Reg Smith

Personal information
- Full name: Redvers Smith
- Date of birth: 1 December 1903
- Place of birth: Rotherham, England
- Height: 5 ft 9 in (1.75 m)
- Position(s): Full back

Senior career*
- Years: Team / Apps / (Gls)
- 19??–1923: Scunthorpe & Lindsey United
- 1923–1931: Brighton & Hove Albion / 143 / (1)
- 1932–193?: Shoreham

= Reg Smith (footballer, born 1903) =

English footballer

Redvers Smith (1 December 1903 – after 1932), commonly known as Reg Smith, was an English professional footballer who made 143 Football League appearances playing as a full back for Brighton & Hove Albion.

==Life and career==
Smith was born in Rotherham, which was then in the West Riding of Yorkshire.

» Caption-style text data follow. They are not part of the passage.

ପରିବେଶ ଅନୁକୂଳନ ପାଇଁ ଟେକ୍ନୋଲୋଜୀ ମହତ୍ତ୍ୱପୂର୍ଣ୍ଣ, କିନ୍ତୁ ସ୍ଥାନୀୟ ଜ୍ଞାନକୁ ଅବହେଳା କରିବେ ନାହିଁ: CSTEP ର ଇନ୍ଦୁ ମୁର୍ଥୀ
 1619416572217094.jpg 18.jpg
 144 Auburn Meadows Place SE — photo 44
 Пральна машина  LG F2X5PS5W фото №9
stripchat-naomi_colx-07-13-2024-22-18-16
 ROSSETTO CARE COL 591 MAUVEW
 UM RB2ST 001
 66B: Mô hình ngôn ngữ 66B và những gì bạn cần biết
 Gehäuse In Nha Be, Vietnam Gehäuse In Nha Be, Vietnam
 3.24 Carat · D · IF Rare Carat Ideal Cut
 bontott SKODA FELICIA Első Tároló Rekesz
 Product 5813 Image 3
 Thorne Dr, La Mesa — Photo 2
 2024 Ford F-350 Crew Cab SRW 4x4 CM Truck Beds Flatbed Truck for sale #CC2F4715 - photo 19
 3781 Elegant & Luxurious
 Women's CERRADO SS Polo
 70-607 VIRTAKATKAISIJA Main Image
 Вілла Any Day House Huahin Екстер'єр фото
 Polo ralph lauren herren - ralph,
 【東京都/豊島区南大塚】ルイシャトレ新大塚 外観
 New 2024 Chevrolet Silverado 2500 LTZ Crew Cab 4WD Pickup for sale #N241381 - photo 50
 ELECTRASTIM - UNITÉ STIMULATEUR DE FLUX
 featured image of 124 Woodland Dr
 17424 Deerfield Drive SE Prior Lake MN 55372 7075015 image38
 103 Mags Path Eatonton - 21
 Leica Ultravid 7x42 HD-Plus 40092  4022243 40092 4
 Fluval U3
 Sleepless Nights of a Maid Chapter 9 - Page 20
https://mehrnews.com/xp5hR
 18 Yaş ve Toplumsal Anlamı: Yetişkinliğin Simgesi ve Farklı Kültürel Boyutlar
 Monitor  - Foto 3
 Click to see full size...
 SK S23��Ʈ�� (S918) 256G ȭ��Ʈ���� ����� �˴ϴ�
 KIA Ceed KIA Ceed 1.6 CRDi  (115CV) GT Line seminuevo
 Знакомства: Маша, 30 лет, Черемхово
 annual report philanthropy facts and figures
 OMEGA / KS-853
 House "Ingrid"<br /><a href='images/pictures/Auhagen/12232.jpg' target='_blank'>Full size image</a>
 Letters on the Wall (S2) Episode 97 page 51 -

He played for Midland League club Scunthorpe & Lindsey United before joining Brighton & Hove Albion in 1923. Although the team had considerable strength at full back during the 1920s, Smith averaged 20 league matches a season for the seven seasons he spent in the first team, and was appointed captain for 1929–30. An injury early in that campaign effectively ended his professional career, although he remained on the club's books until 1931. He then played amateur football for Shoreham.